On a sultry June afternoon, as my husband and I strolled towards the White House East Entrance, I reflected back to the time of my gender transition, in 1968.

Shamed as a social outcast, I’d lost my family, my friends and all social support. I’d been fired by IBM, and lost a promising computer research career. In many jurisdictions, I could have been arrested and charged as a sex offender — or, worse yet, institutionalized and forced to undergo electroshock therapy in a mental hospital.

Evading those fates, I completed my transition and began building a career in a secret new identity, starting at the bottom of the ladder as a contract programmer. Even then, any ‘outing’ could have led to media exposure, and I’d have become unemployable, out on the streets for good.

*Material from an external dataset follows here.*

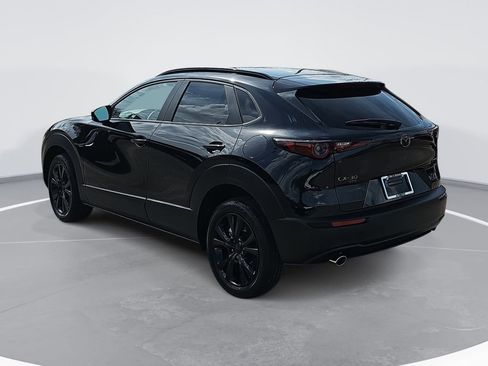 New 2026 MAZDA CX-30 Aire Edition AWD/4WD image 7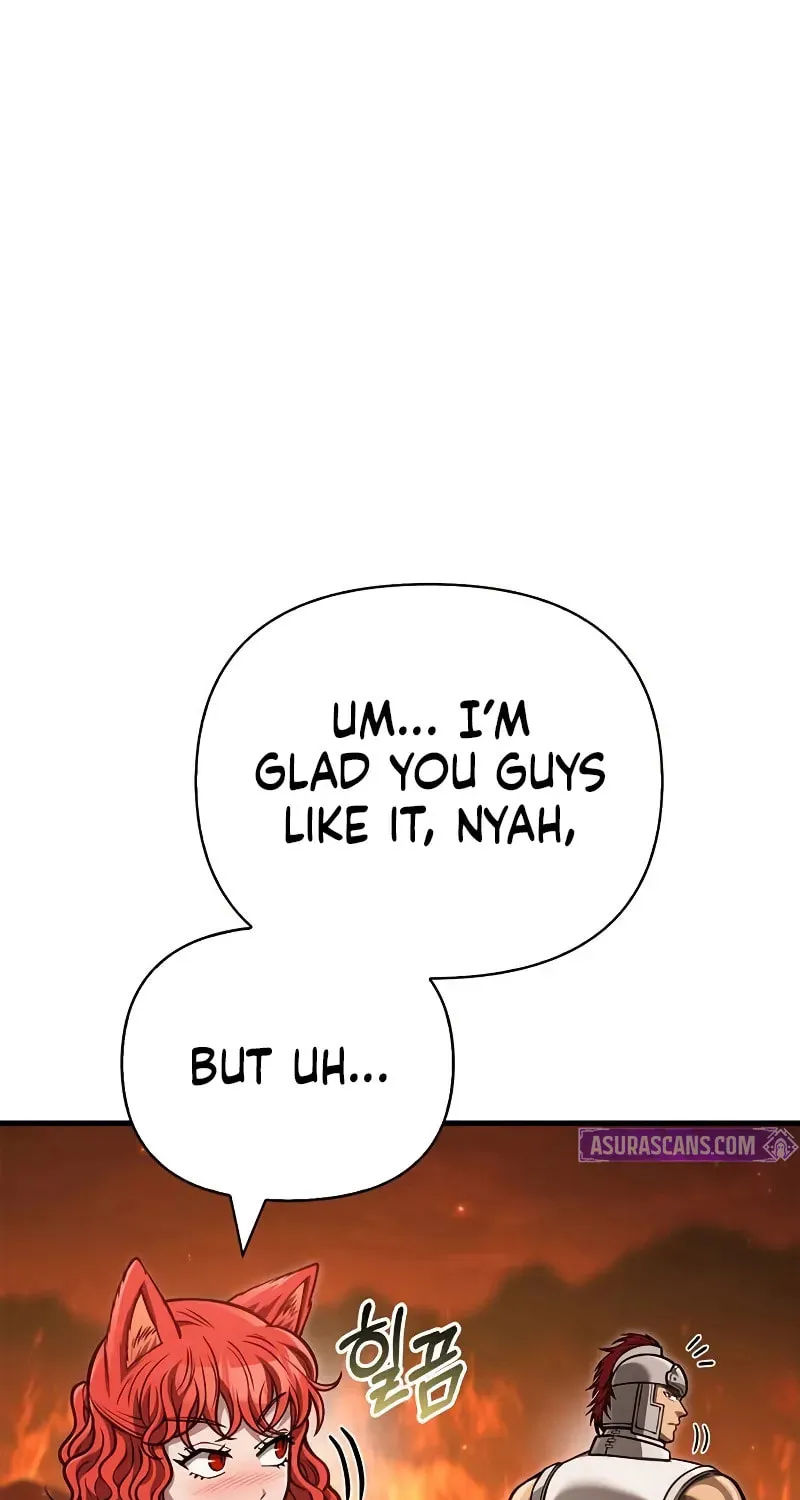 Geim Sok Babarianeuro Saranamgi Chapter 113 page 58 -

The resulting fear channeled my life into ‘stealth-mode.’ I covered my past for over 30 years, always looking over my shoulder, as if a foreign spy in my own country.

But this was June 13, 2013, and what a contrast it was. My husband Charlie and I, along with many other activists, advocates and allies, were about to join the President’s White House Reception in celebration of LGBT Pride Month. The atmosphere was full of joy and hope for the future. As we waited for the President, I reflected further.

I had been ‘out’ for 15 years now, or so I’d thought: out on the Internet to inform colleagues about my past, out as an advocate for transgender people, out as an activist against the psychiatric-pathologization of gender variance.

It was one thing to hide in the back-rooms of Xerox Palo Alto Research Center decades ago, launching innovations as the hidden-hand behind the VLSI microelectronics revolution in Silicon Valley – a revolution that’s changed the world forever. I didn’t mind being almost invisible in my field back then or that no one had a clue what I was really doing, much less who was doing it. I was thrilled to even have a job.

But ‘out’ has many shades of grey — and even in recent years I kept on partly covering, shyly holding back, lingering in the darker shadows. Although times had changed, I’d clung to old habits.